L'école primaire est désormais un lieu ouvert où enseignants, animateurs municipaux, intervenants d'associations ou d'institutions culturelles se succèdent auprès des enfants. La journée d'école est ainsi segmentée et porteuse d'activités hétérogènes conçues selon des finalités qui peuvent être divergentes. En introduisant de nouvelles activités périscolaires prises en charge par les municipalités, la réforme des rythmes scolaires mise en œuvre depuis 2014 dans toutes les écoles françaises renforce le poids des acteurs non enseignants, à l'image du mouvement observé dans la plupart des pays occidentaux (Tardif et LeVasseur, 2010). La communication vise à interroger ce qu'une telle évolution suggère en termes de transformations du curriculum et de mécanismes de construction des inégalités d'apprentissage. Elle est soutenue par une recherche ethnographique d'orientation sociologique entreprise dans sept écoles parisiennes socialement contrastées. Des enfants ont été suivis pendant soixante-deux journées d'école et leur activité a été observée et analysée dans les différents « segments » fréquentés pour tenter d'en tirer un sens global.

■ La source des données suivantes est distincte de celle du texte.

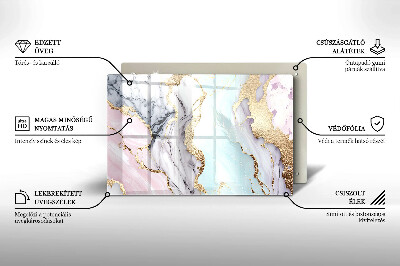 Piastra in vetro per candele tombali con motivo in marmo pastello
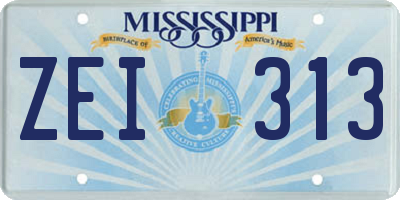 MS license plate ZEI313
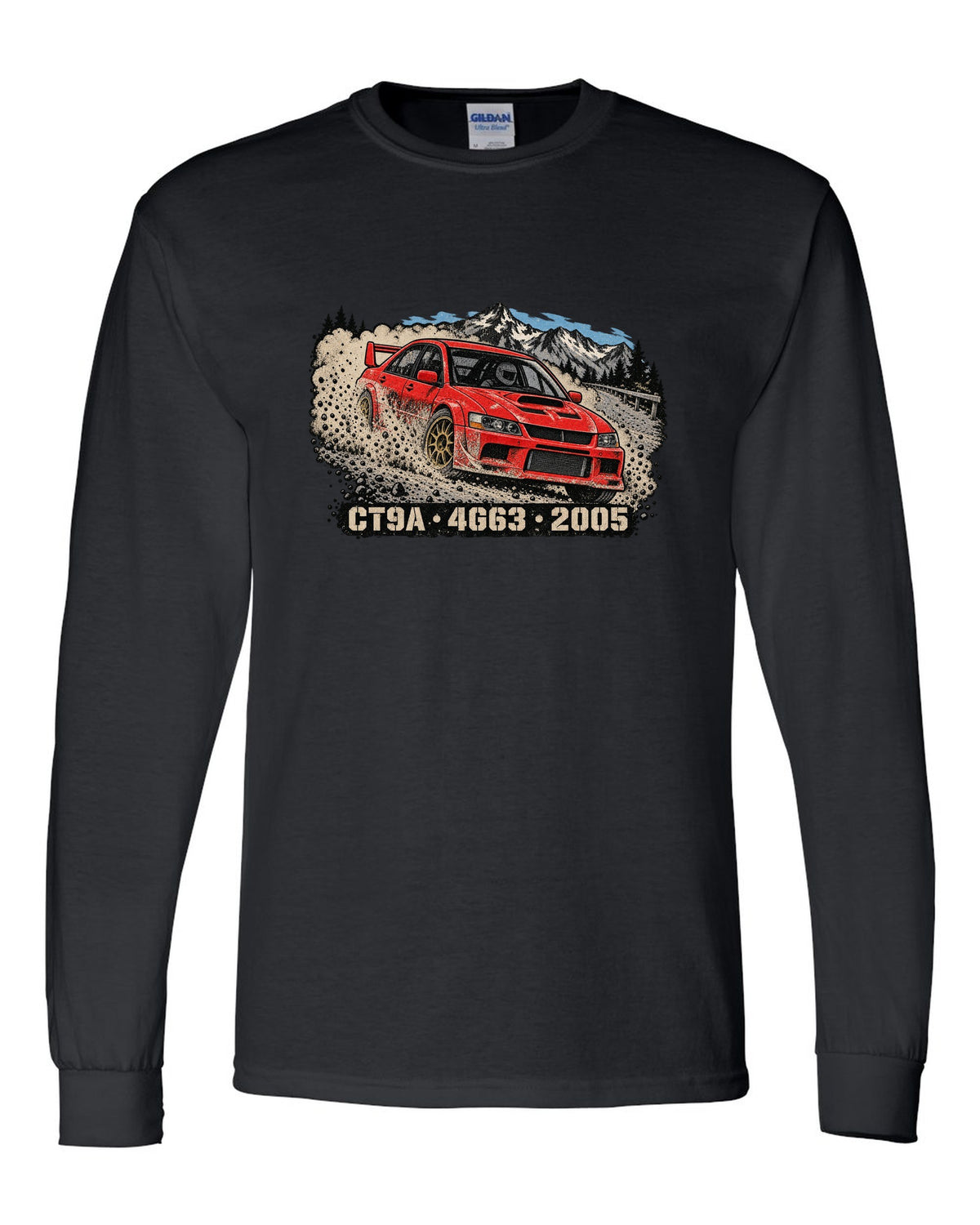 Distressed screenprint print of a Mitsubishi Lancer Evolution IX CT9A on gravel with CT9A 4G63 2005 lettering black long sleeve front view with the design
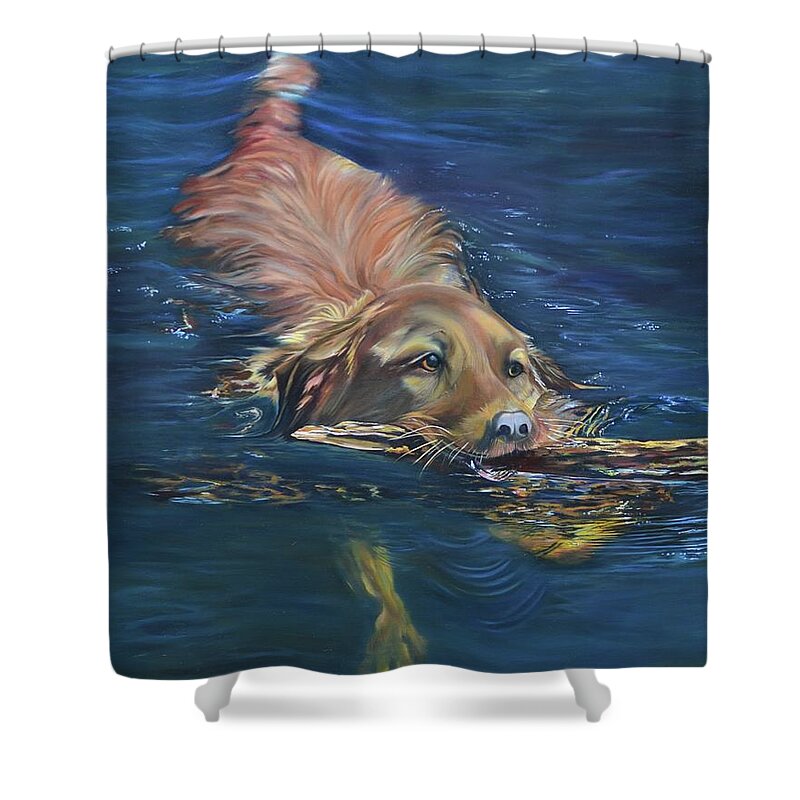 #swim #swimming #lab #retriever #dogs #dog #lake #lakes #labs #stick #fetching #landscape #blue #lakes #cottage #canada #happy #waterscapes Shower Curtain featuring the painting Fetching The Stick by Stella Marin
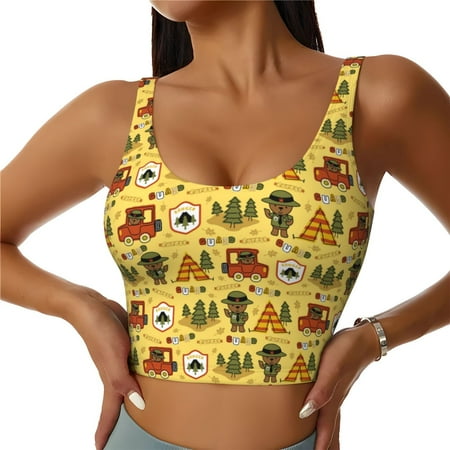 Jgfou Car Tent Trees Print Womens Sports Bra - Padded Workout Sports Bras Crop Tank Top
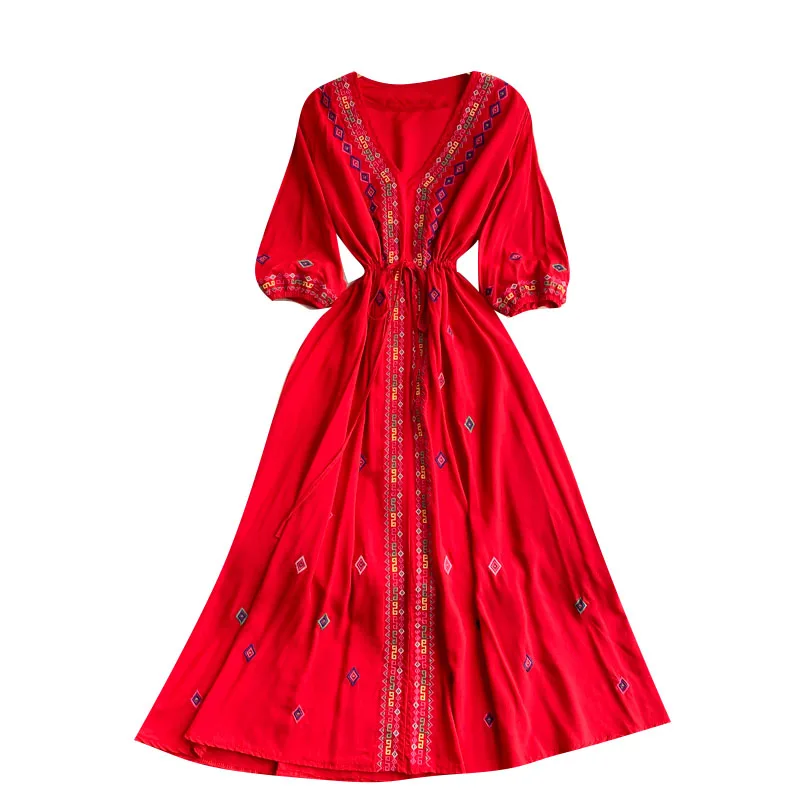 

Женское длинное приталенное платье, винтажное платье для отпуска с V-образным вырезом, рукавом до локтя и вышивкой, весна-лето 2021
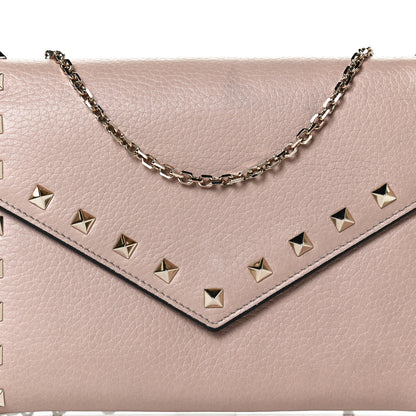 Valentino Garavani Pebbled Calfskin Rockstud Envelope Wallet on Chain Poudre 7 of 9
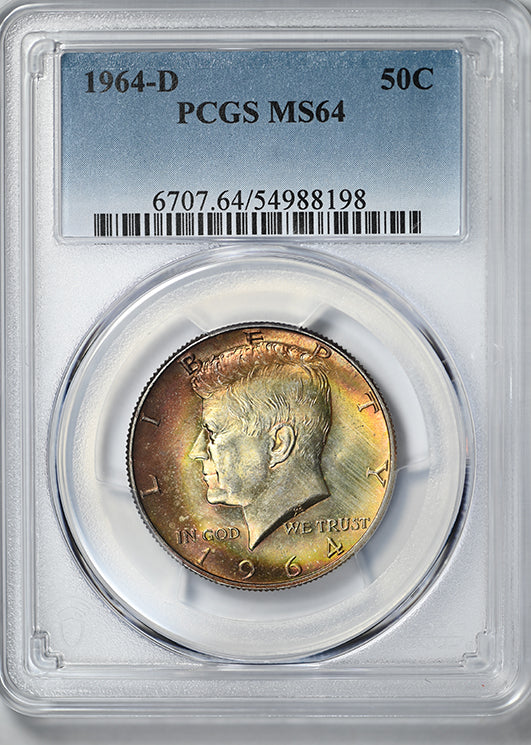 1964-D Kennedy Half Dollar 50C PCGS MS64 - TONED!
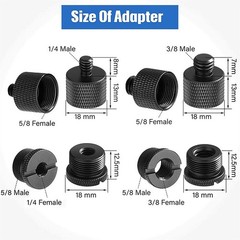 8x Mic Stand Thread Adapter Set 5/8 Female To 3/8 Male 5/8 Female To 1/4 Male
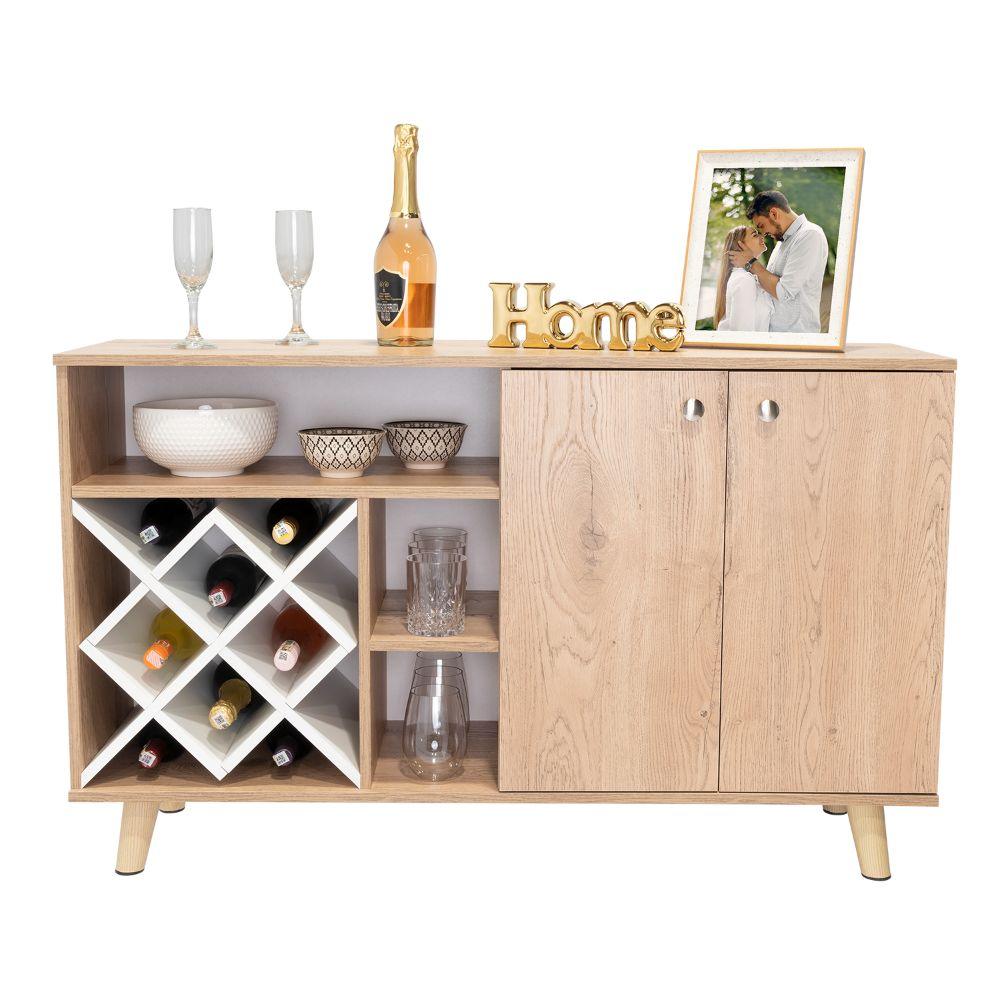 BAR NANTES, MACADAMIA Y BLANCO, CON ESPACIO PARA BOTELLAS Y PORTA COPAS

La communication s'appuie sur une situation de visite au musée organisée dans le cadre d'un projet durant le temps scolaire, encadrée par une conférencière en présence d'une enseignante, pour montrer comment la participation à l'activité thématique suppose des enfants son rattachement à une discipline qui lui confère un sens scolaire. Faute d'une telle référence, très peu explicitée par les encadrantes, les enfants réalisent la tâche sans paraître en saisir les enjeux, sans que cela ternisse le bilan positif dressé par l'enseignante ou la satisfaction des parents. Ainsi, la définition de l'activité par le biais de critères peu dévolus n'entrave pas le fonctionnement de l'institution mais renvoie les enfants aux inégalités de leur milieu social face aux attentes de l'école (Rochex et Crinon, 2011). Elle dessine plus généralement l'image d'une école mosaïque qui développe, pour les enfants qui en maîtrisent les codes implicites, la capacité à se mouvoir dans une société hétérogène et volatile, mais tend à poser des problèmes d'affiliation pour d'autres enfants, souvent issus des milieux populaires.
La communication initie alors une réflexion sur l'enjeu, dans un monde contemporain où la cohésion sociale est en partie mise à mal (Dubet, 2014), du traitement par les sciences de l'éducation de la question des processus de construction des inégalités scolaires, réflexion poursuivie dans la dernière partie du symposium.
Bibliographie :
Dubet F. (2014), La préférence pour l'inégalité comprendre la crise des solidarités, Paris, Seuil, 110 p.
Rochex, J.-Y. et Crinon, J. (dir.) (2011), La construction des inégalités scolaires : au cœur des pratiques et des dispositifs d'enseignement, Rennes, Presses universitaires de Rennes, 212 p.
Tardif M. et LeVasseur L. (2010), La division du travail éducatif : une perspective nord-américaine, Paris, Presses universitaires de France, 208 p.